Data sharing

Globus

We use Globus network to share the data with external collaborators. It allows us to share data from e.g. a specific folder on the Sanger LFS cluster directly with the external world.

The sharing process consists of the following steps:

  1. We share the data with the user’s personal/work email address

  2. The user creates/logs in their Globus account using the sharing email

  3. The user needs to create a personal Globus endpoint either on their Linux laptop / compute cluster or on their Mac laptop or on their Windows laptop.

  4. The user activates their personal Globus endpoint by starting globus from the command line if on a cluster/Linux, or by starting the globus application if on Mac/Windows.

  5. Once the users personal endpoint is setup they can transfer the data by simply logging in to their Globus account using the sharing email address and drag and dropping the data.

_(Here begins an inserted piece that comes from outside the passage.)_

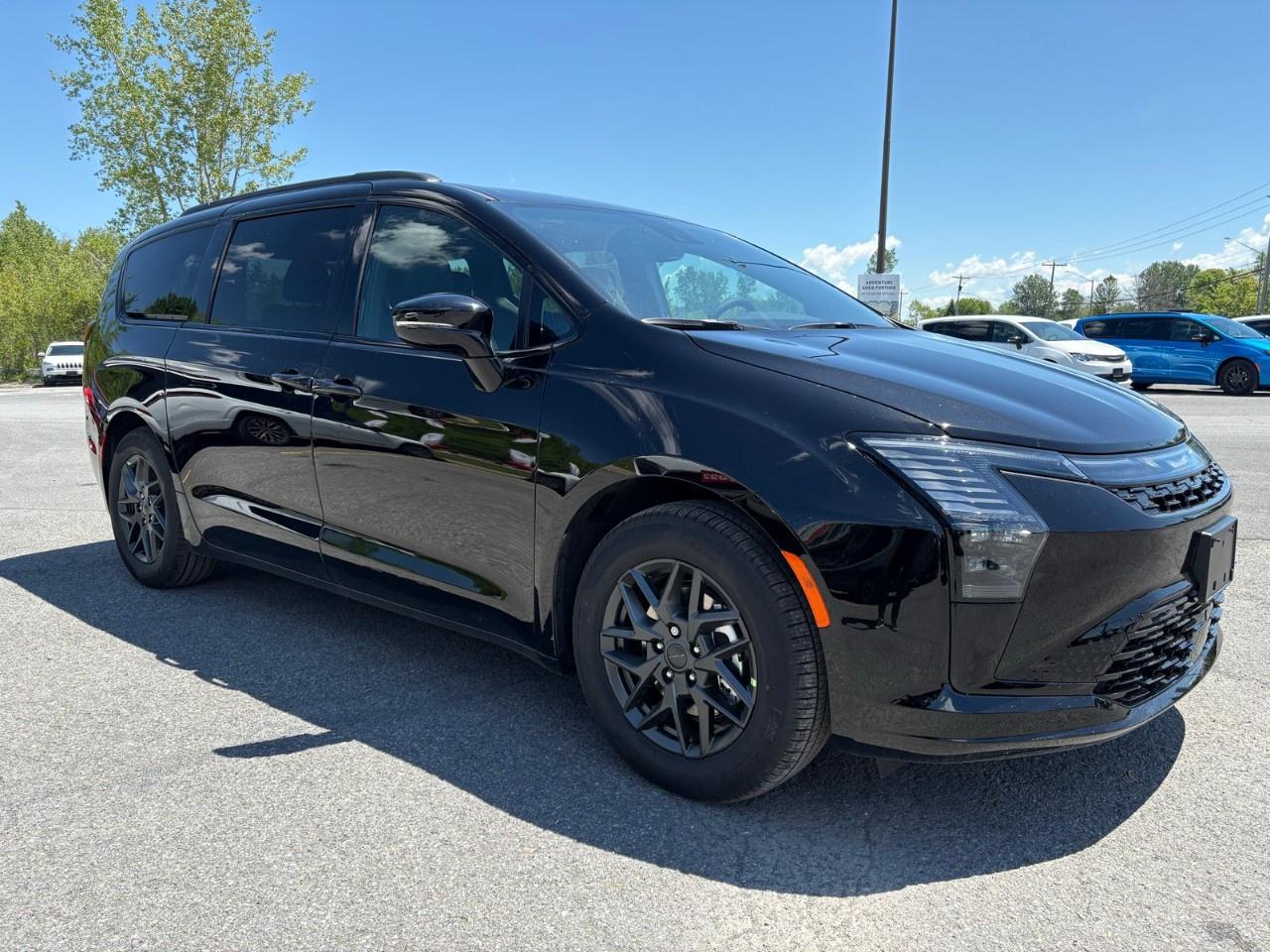 2027 Chrysler Pacifica Select FWD Photo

For more information please visit the Globus official documentation.

Note

If the user would like to check MD5 hash, the MD5 sum files will be located in the same sharing folder with the data files.

cram files

Sanger default file format for storing NGS data is CRAM and this is what we provide to the user when share data with them. Typically CRAM achieves 40-50% space saving over the alternative BAM format and much more than that over the compressed fastq files. For more information please visit this page.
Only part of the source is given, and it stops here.